Lonny’s head swivelled slowly towards Mike. ‘I did not see you there. Who are you?’

‘This is Detective Patton,’ said Frank. ‘Carry on, Lonny. Tell me what you saw.’

Lonny lifted his keens beneath his chin and screwed up his face. ‘Oh, you so want to know. You so want to know.’

‘I do,’ admitted Frank. ‘I screwed up, didn’t I. I’d like to know how I did that. Would you tell me how I screwed up, Lonny? Would you tell me where I went wrong? I need to improve myself. You could help me become a better man. A better cop.’ He lifted up another cookie and put it in Lonny’s hand. ‘Come on.. Tell me.’

Lonny held the cookie in front of his mouth. He put his tongue out and forced it between the layers.
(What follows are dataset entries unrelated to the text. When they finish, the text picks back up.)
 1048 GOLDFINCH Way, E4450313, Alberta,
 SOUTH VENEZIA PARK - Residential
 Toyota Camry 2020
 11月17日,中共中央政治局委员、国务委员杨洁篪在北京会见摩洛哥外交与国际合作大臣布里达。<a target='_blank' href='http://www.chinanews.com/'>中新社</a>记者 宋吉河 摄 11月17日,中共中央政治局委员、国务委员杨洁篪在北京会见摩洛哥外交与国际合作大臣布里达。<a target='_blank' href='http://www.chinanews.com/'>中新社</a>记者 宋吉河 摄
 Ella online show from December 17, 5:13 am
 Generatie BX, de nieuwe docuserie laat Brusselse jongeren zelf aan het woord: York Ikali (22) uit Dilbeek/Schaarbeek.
It came apart and he scraped his teeth along the cream until the other half of the cookie was bare.

‘You came running in with a gun in your hand and rain drip, drip, dripping from your hat and your coat all wet and you crept like  a cat across that dusty old floor while I hid behind an old rusty filing cabinet watching you and you didn’t even know I was there.’
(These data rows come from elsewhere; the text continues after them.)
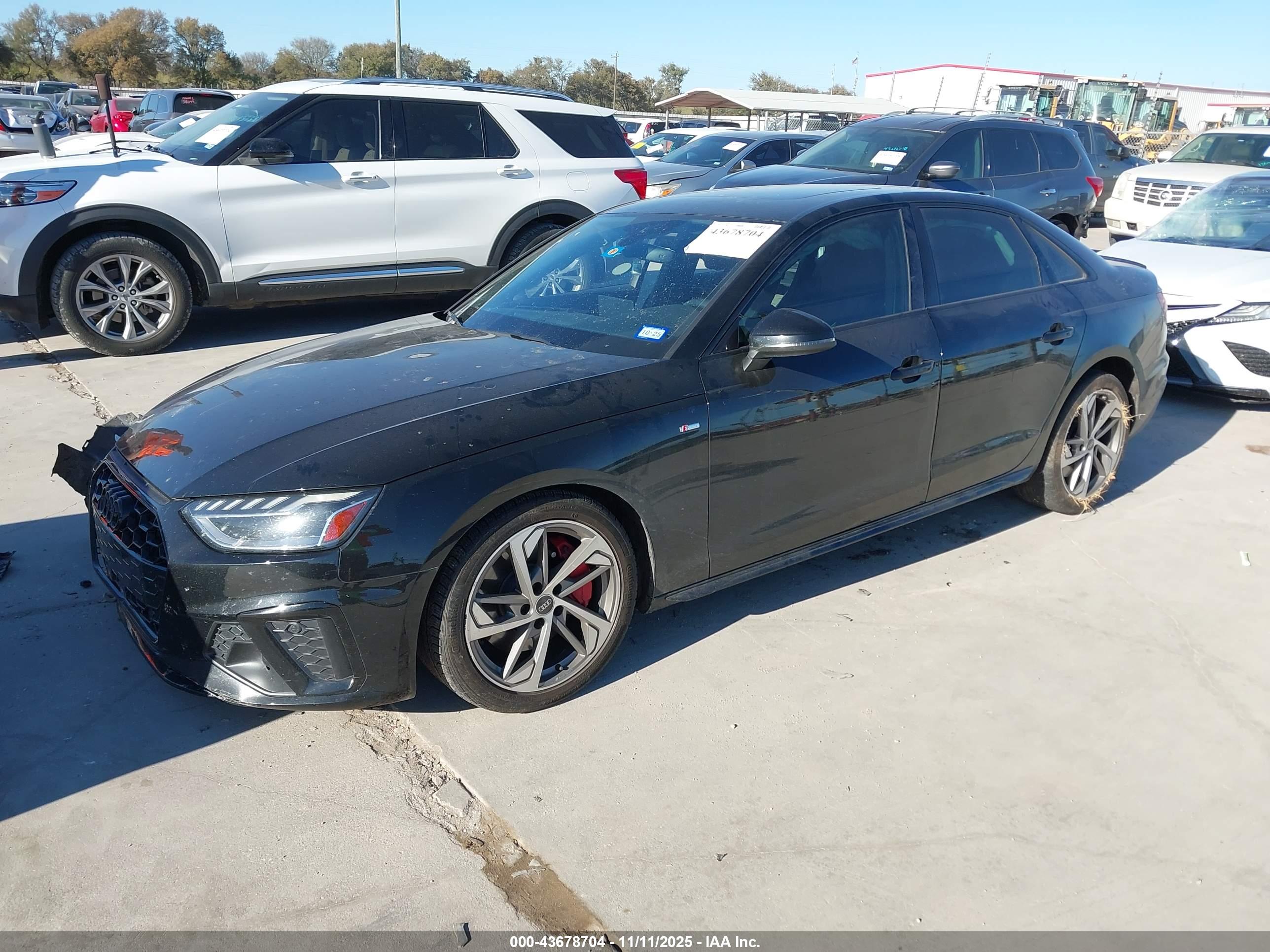 AUDI A4 image 2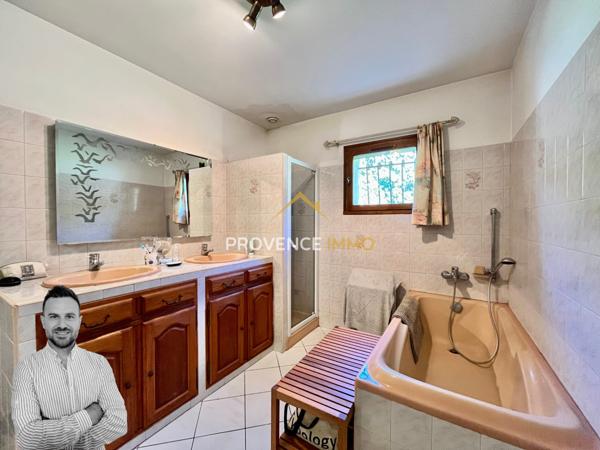 Eyguières (13430) Villa 150m² - Plain pied - 4 chambres - Piscine - Terrain de 5737m²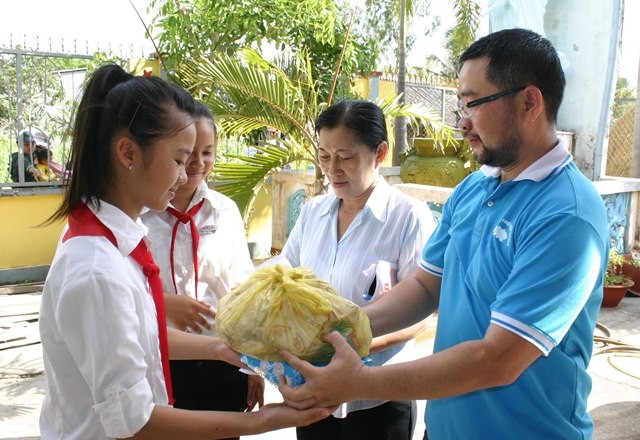 Nhóm Năm Hường cúng dường, tiếp sức đến trường ảnh 1 IMG_1107.jpg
Mike and Frank automatically drew breath as Lonny paused.

‘Where?’ said Frank. ‘When?’

Lonny ran stiffened fingers across his face as if he was crushing an itch.

‘The girl in the Saran Wrap. That sound like a book. Doesn’t that sound like a book?’

‘It sounds like a book,’ agreed Frank.

‘You came sneaking in on tippy-toes and then…ah…you suddenly turned and said in your best cop’s voice…’ He deepened his voice and looked with mock-seriousness. ‘‘Against the wall. Turn around’. All deep and angry you were. All deep and angry.’ Lonny held up a finger. ‘But, there was no one there. You had a fight with…fresh air. You killed…a wall.’ Lonny sniggered. ‘You killed a wall.’

‘And you saw all this?’

‘I did,’ said Lonny excitedly. ‘I did.’

‘Then what?’

Frank felt sick. Much as he’d tried, he’d never been able to forget those moments. Why was it that the things you wanted to repress stayed bobbing like a corpse on the surface, while the things you needed to remember remained hidden away, stabbing at your psyche and screwing up your life?

Lonny shoved the rest of the cookie into his mouth and chewed.

‘Well,’ he said as bits of food sprayed across the desk. ‘I thought you’d died. Really, I thought, well, there you go, he’s dead. I honestly thought at that second that I had some sort of power, that all I had to do was be in the room with someone and they would die. Can you imagine that? No more waiting in line in the shops.

Anyway, I came out from my hidey hole and heard you still breathing. You sounded like a pig. You were snorting like you were rooting for nuts in the ground. I nearly killed you but then I thought ‘Whoa! Wait a moment. I can have some fun here.’ So I did. I dipped your thumbs in her eyes and dragged those perfect nails of yours across the scratches around her eyes, then flicked a little blood onto your shirt.’ He leaned towards Frank, his chin resting on the palm of his hand as if he was chatting with an old friend. ‘What happened? Tell me what happened. I can tell you what
I
think happened, but I’d like to hear it from you.’ He narrowed his eyes and smiled.